Exercise prompt
Take the line that contains "N43B20AY Двигатель BMW" and every line below it to the end of the entries, and give them again exactly, leaving out any pictures.
Data section section start
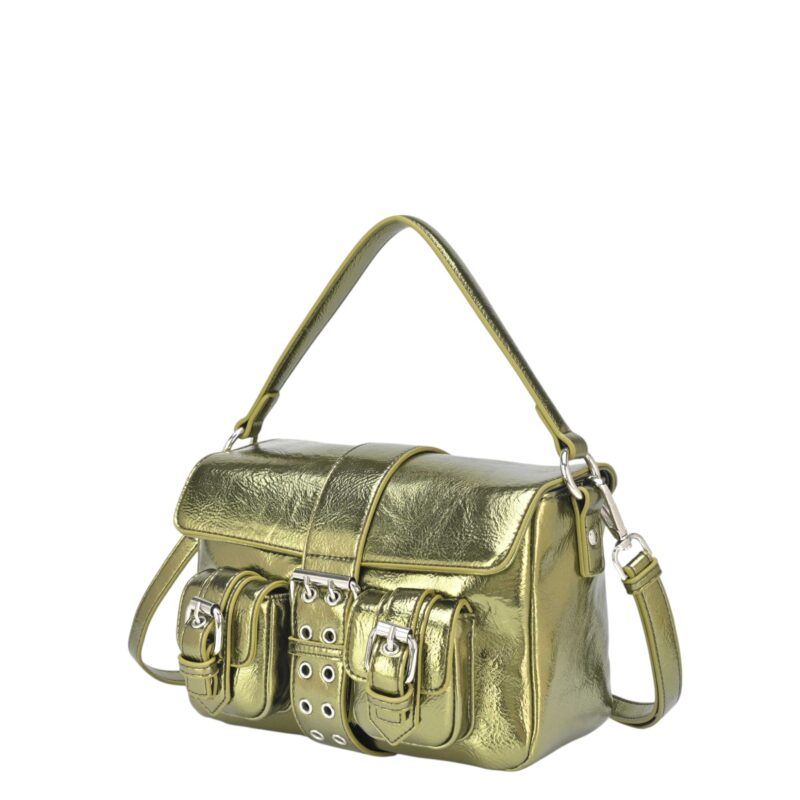 Honey Buckle Recycled cool Light Green - Imagen 2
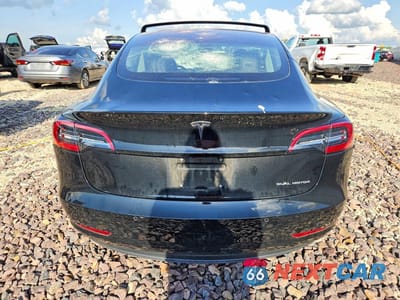 Zdjęcie 6 z 12 samochodu: 2018 TESLA MODEL 3 VIN:5YJ3E1EBXJF182209 - miniatura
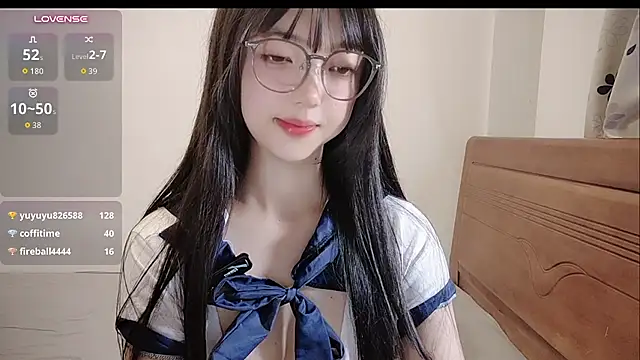 Puppygirl_ - 摸一摸三百多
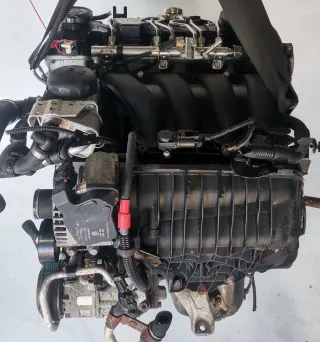 N43B20AY Двигатель BMW 3 E90/E91/E92/E93 Арт GRT79031, вид 6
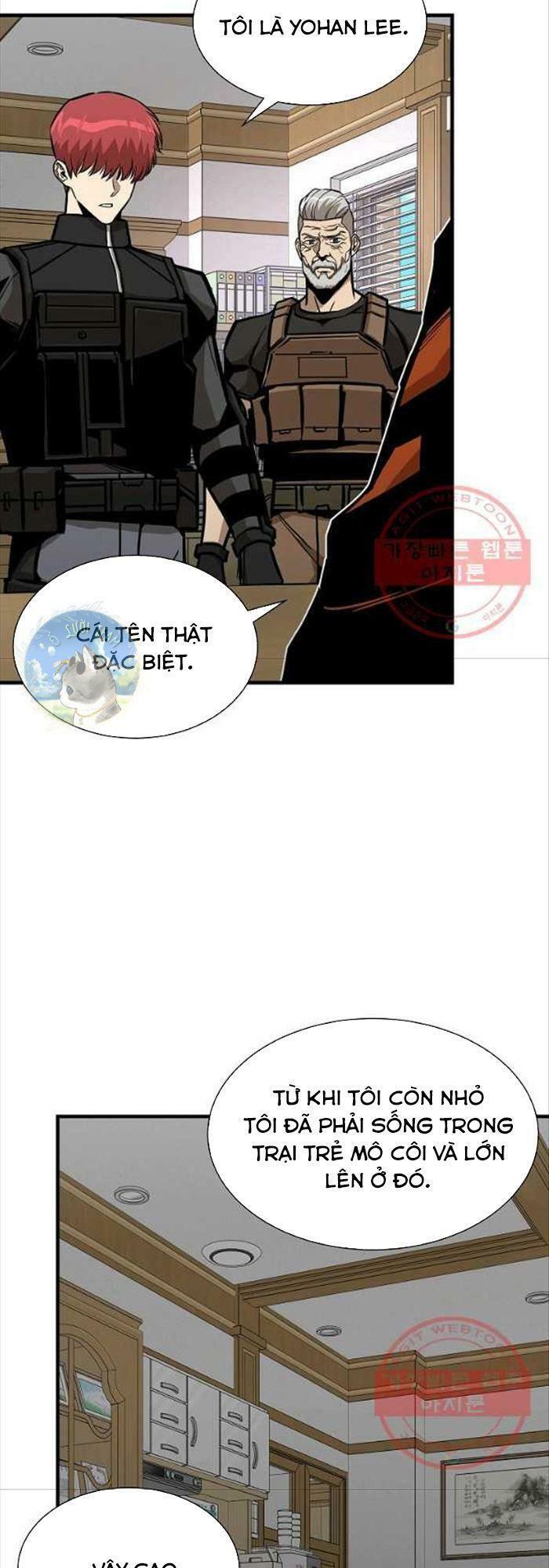 return survival chapter 118 22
Data section section end
Task output
 N43B20AY Двигатель BMW 3 E90/E91/E92/E93 Арт GRT79031, вид 6
 return survival chapter 118 22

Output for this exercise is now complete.